Simmons feels that Raina may be the first victim of an epidemic, and should be put down. Leo Fitz deduces that Skye caused the earthquake in the alien city, and so herself has been altered just like Raina. Hearing what Simmons wants to do to Raina, Fitz decides to hide the truth from the rest of the team. Skye believes that there is something wrong with her, but Fitz tells her that she is just different now, and there is nothing wrong with that, and she is released from quarantine. Raina, unable to come to terms with who she is, takes Cal's advice and attempts suicide. She is prevented by S.H.I.E.L.D. agents, who try to take her in, but before anything happens, a much older Gordon appears, and teleports away with her.

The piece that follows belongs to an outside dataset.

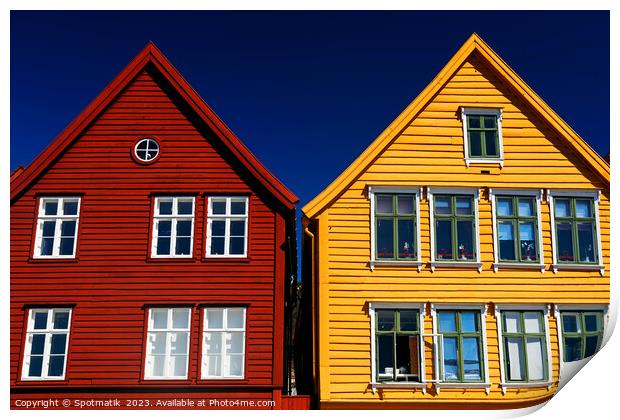 View Bergen Norway colorful wooden clad boat houses  Print by Spotmatik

In an end tag, a model car that Agent Alphonso "Mack" Mackenzie built for Coulson scans the latter's office, discovering the "toolbox" that former S.H.I.E.L.D. director Nick Fury gave to Coulson. Mack secretly reports this discovery to Morse while making food, then they join in with the rest of the team having drinks and sharing memories of Triplett.

==Production==
===Development===
In February 2015, Marvel announced that the eleventh episode of the season would be titled "Aftershocks", to be written by executive producers Maurissa Tancharoen and Jed Whedon, with Billy Gierhart directing. The episode was originally titled "Epidemic".

===Casting===

In February 2015, Marvel revealed that main cast members Clark Gregg, Ming-Na Wen, Chloe Bennet, Iain De Caestecker, Elizabeth Henstridge, and Nick Blood would star as Phil Coulson, Melinda May, Skye, Leo Fitz, Jemma Simmons, and Lance Hunter, respectively, while Adrianne Palicki, previously a recurring guest star in the role of Bobbi Morse, was promoted to a series regular with the episode. It was also revealed that the guest cast for the episode would include Henry Simmons as Alphonso "Mack" Mackenzie, Ruth Negga as Raina, Adrian Pasdar as Brigadier General Glenn Talbot, Henry Goodman as Dr. List, Kyle MacLachlan as Calvin Zabo, Jamie Harris as Gordon, Simon Kassianides as Sunil Bakshi, Donzaleigh Abernathy as Triplett's mom, Philip Labes as young Gordon, Dichen Lachman as Jiaying, Alvin Ing as Yat-Sen, Fred Dryer as Octavian Bloom, Kathryn Leigh Scott as The Baroness, Joel Polis as The Banker, Kyle David Pierce as accountant, Maz Siam as The Sheikh, McKay Stewart as scientist #1 and David A. Jansen as agent. Abernathy, Labes, Ing, Scott, Polis, Pierce, Siam, Stewart, and Jansen did not receive guest star credit in the episode. Simmons, Negga, Pasdar, MacLachlan, Harris, Kassianides, and Lachman all reprise their roles from earlier in the series. Goodman reprises his role from an uncredited cameo appearance in the mid-credits scene of Captain America: The Winter Soldier. Main cast member Brett Dalton, who portrays Grant Ward in the series, does not appear in the episode.

==Release==
===Broadcast===
"Aftershocks" was first aired in the United States on ABC on March 3, 2015.

===Marketing===
Starting with this episode, Marvel once again ran the "Art of..." initiative, in which an image was released the Thursday before the episode aired, depicting a first look at a key event from the upcoming episode, with the season's title being "The Art of Evolution". The different artists were once again chosen to create the teaser posters, based on their previous work and how it connected to the themes and emotion of the intended episode. The poster for "Aftershocks" was created by Gabriele Dell'Otto, the co-creator of Daisy Johnson, and depicts Skye twice, as she is transforming from the Terrigen Mist and as the person dealing with her powers, as well as a transformed Raina, Coulson and the S.H.I.E.L.D. logo in the background. Dell'Otto was chosen specifically because of his relationship to the character.

===Home media===
The episode began streaming on Netflix on June 11, 2015, and was released along with the rest of the second season on September 18, 2015, on Blu-ray and DVD. The episode, along with the rest of the series, was removed from Netflix on February 28, 2022, and later became available on Disney+ on March 16, 2022.

==Reception==
===Ratings===
In the United States the episode received a 1.6/5 percent share among adults between the ages of 18 and 49, meaning that it was seen by 1.6 percent of all households, and 5 percent of all of those watching television at the time of the broadcast. It was watched by 4.48 million viewers.